REGIONAL RIDE FROM THE EDEN PROJECT AT BODELVA, CORNWALL, TO TOTNES, DEVON, AND ON TO DARTMOOR
I had chosen to begin my journey at the Eden Project, at Bodelva, in rural Cornwall, having first visited the site in the early 2000s, on an organised tour, by which time it had already become a well known visitor attraction. The Project might be described as a garden, now about 20 years old, inside a 60 metre deep crater that was, nearing the turn of the century, a derelict china clay pit. The whole site must occupy something around a square kilometre, or 100 hectares. The sight of an extensive outdoor garden in such a space is remarkable enough, but it is, of course, best known for its two greenhouses, great domes, up to 50 metres in height, composed of hexagonal steel lattices, covered in a thin plastic, positioned against the pit’s south facing rock wall. These are indoor gardens : the first, what the Project terms the ‘largest rainforest in captivity’, and the second, Mediterranean Biome, featuring flora characteristic of the many parts of the world sharing that particular climate and biota. The pit now also accommodates a Stage, Arena, and the Core – an exhibition space – all accessed via a large Visitor Centre. Visitor numbers had exceeded one million in the year 2016-17.

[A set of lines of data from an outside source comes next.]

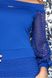 Нарядное облегающее платье с открытыми плечами голубое, S(44)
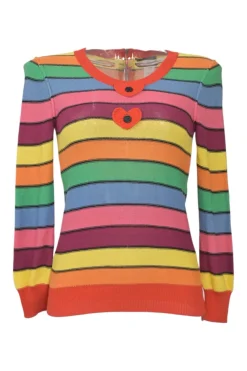 SONIA multi-colour flatbed cotton jersey crewneck pullover sweater with heart appliqué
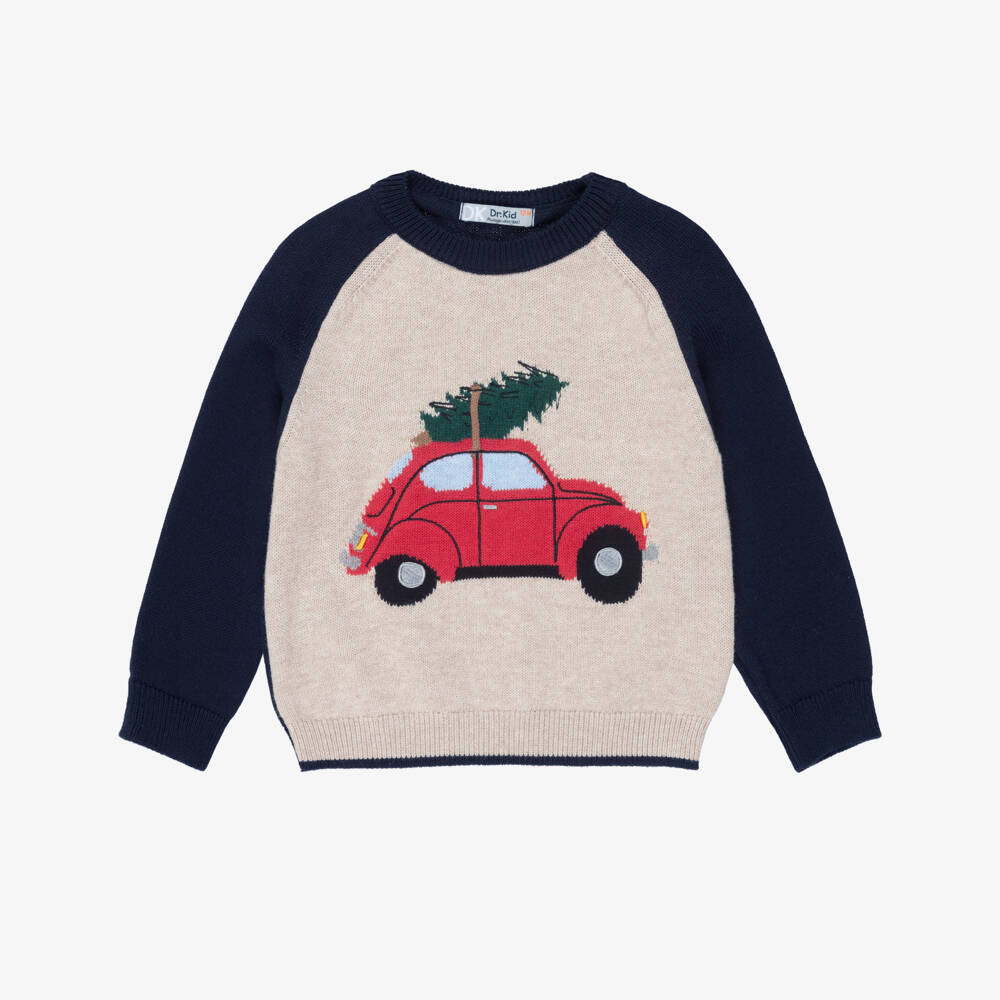 Dr. Kid-Boys Blue & Beige Knitted Christmas Car Sweater | Childrensalon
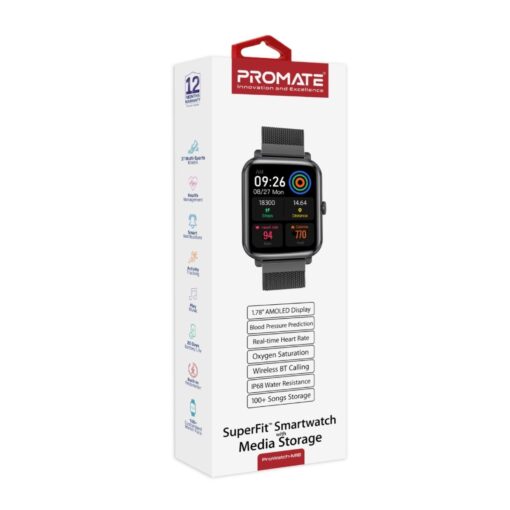 PROMATE PROWATCH-M18.GRT Smart Watch With Fitness Tracker and Media Storage - Image 11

The Project is owned by the Eden Trust, an educational charity. Its mission is primarily to educate the public. According to the leaflet handed to me over the counter in the Visitor Centre, the Eden Project ‘connects us with each other and the living world exploring how we can work towards a better future’. In co-founder, Tim Smit’s words, it is ‘a symbol of optimism to show that ordinary people working together could do the nearly impossible …. [T]he challenges that are going to be facing us during the twenty first century will require the very best of us … and part of that need that we are going to have is to realise that we are a part of nature and not apart from nature’. Established in 1998, the Trust eventually secured funding from the Millennium Commission, the European Union, and a variety of other institutions, and the site was transformed in the course of just two or three years. Ten trustees supervise a Board of ten Executive and Non Executive Directors at the Eden Project Limited, which, with a headcount now of about 500 people, operates the site. It has become a world renowned visitor attraction.